While I have indicated I am thinking of CT's compiled Sil when answering the poll (it's why I didn't vote for Tuor & Gondolin), haven't said that I speak of the Silmarillion (in the wide sense) when I speak of the Narn. Actually that's why I used "Narn" but it might be hard to notice.


----------



## Gil-Galad (Dec 21, 2004)

Well there are so many chapters that I like....but for sure I like most Of The Fifth Battle: Nirnaeth Arnoediad,The Ruin of Beleriand and Of The Voyage of Earendil and the war of Wrath.


----------



## Confusticated (Dec 21, 2004)

I'm not sure if you're asking each of us, so:

While I have indicated I am thinking of CT's compiled Sil when I answer the poll (it's why I didn't vote for Tuor & Gondolin), I did not say that I ment it in a wide sense when speaking of the Narn. That is why I used "Narn", but it might be difficult to notice.
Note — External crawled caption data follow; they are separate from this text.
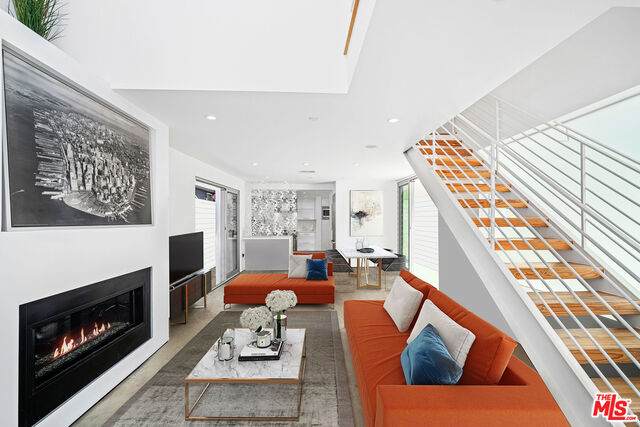 714 Hampton - Photo 1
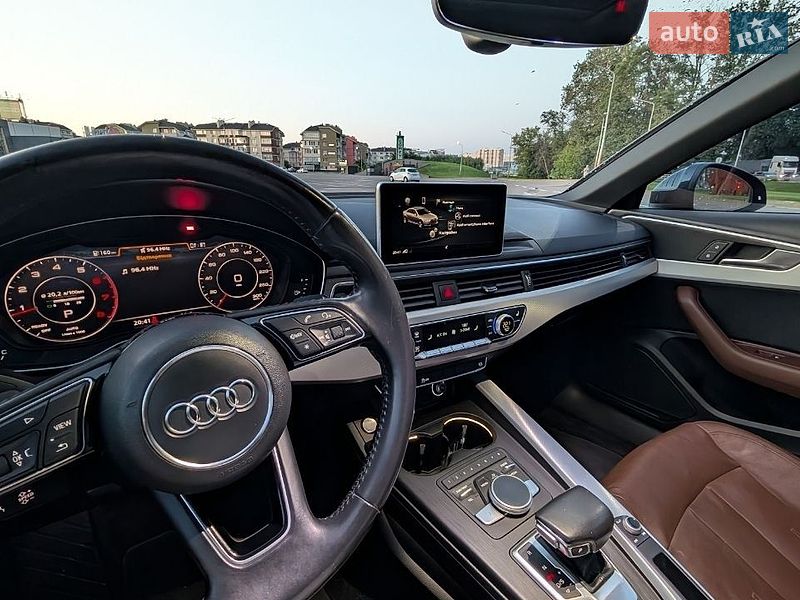 Седан Audi A4 2018 в Киеве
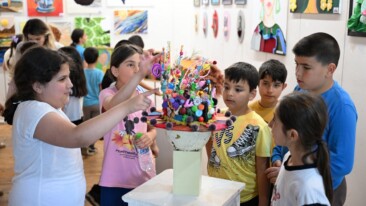 Mersin’de çocuk kampüslerinden çıkan eserler sergide buluştu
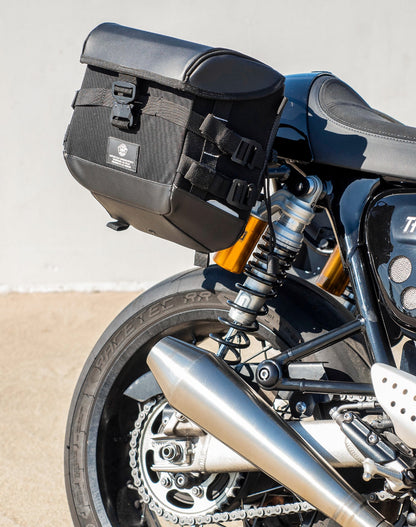 10L - Incognito Quick Mount Small Triumph Thruxton RS Solo Alforja (Right Only)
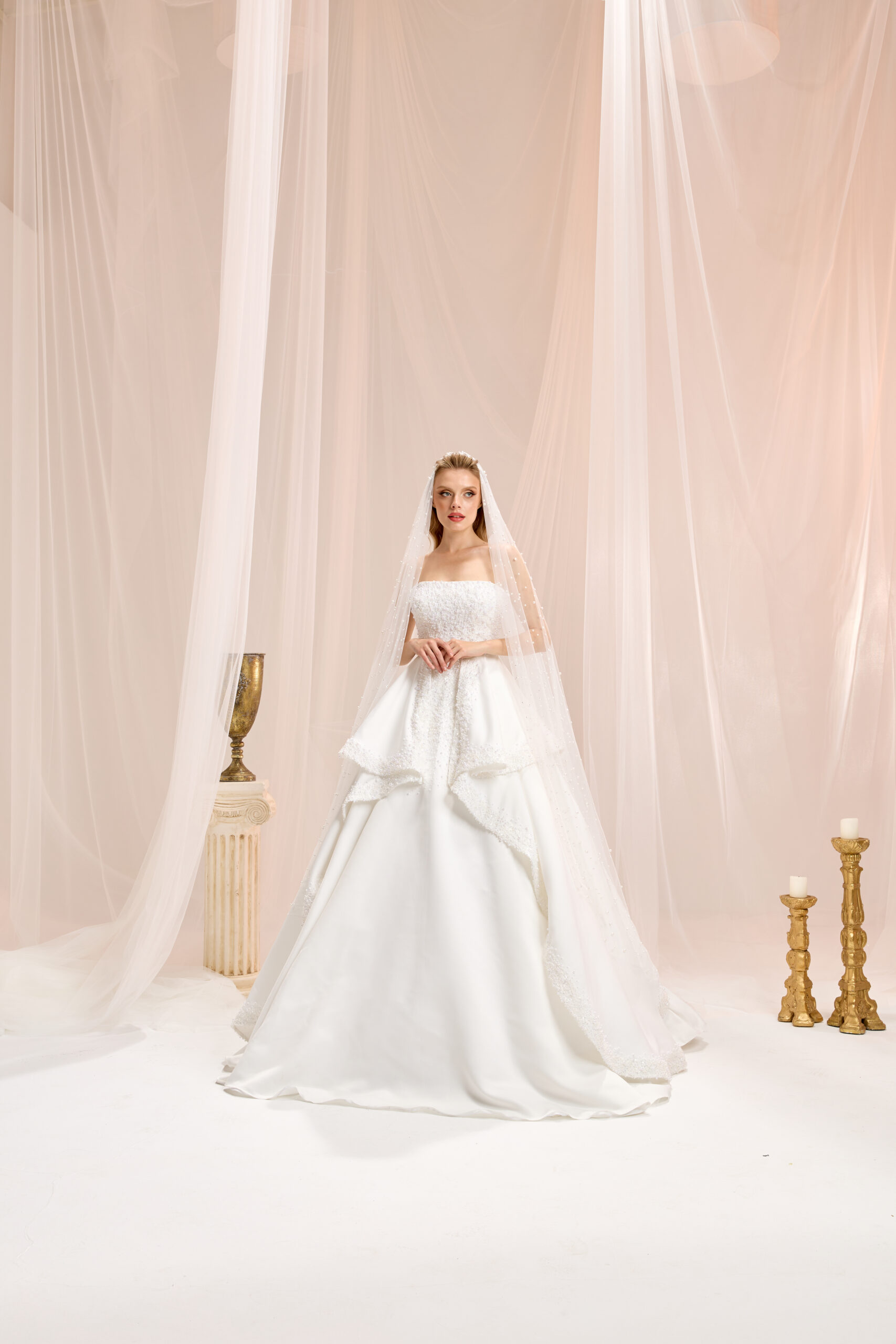 Valen Prenses Kesim Straplez Yaka Saten Zamansız Gelinlik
I'm glad to be asked this. I often mean it in the wider sence and that probably goes unnoticed. Sometimes I fail to capitolize "The" to indicate this, but I'm not real consistent its probably not the best way to do it. In most cases its not going to hurt anything if they think I'm speaking only of CT's.


----------



## Helcaraxë (Jan 6, 2005)

My vote would be either with the Ruin of Beleriand or the Nirnaeth Arnoediad. I chose these two for the epic scale and grandeur of the battles, not their (eventual) tragic outcome. Of course, Fëanor and the Flight and Return of the Noldor are also captivating chapters.


----------



## King Aragorn (Jan 6, 2005)

The chapters I liked the best were Of Beren and Luthien and the voyage of Earendil. I liked the entire book, but those chapters were my favorite.


----------



## Ingwë (Jan 7, 2005)

My favourite chapret is _Beren and Luthien _because their love is greater and stronger that the evil. The take the Silmaril and they escape from Melkor - the greatest of all.


----------



## Beleg (Jan 8, 2005)

my favourite probably is 'Of Turin Turambar', but 'Of Beleriand and It's Realms' comes a close second.


----------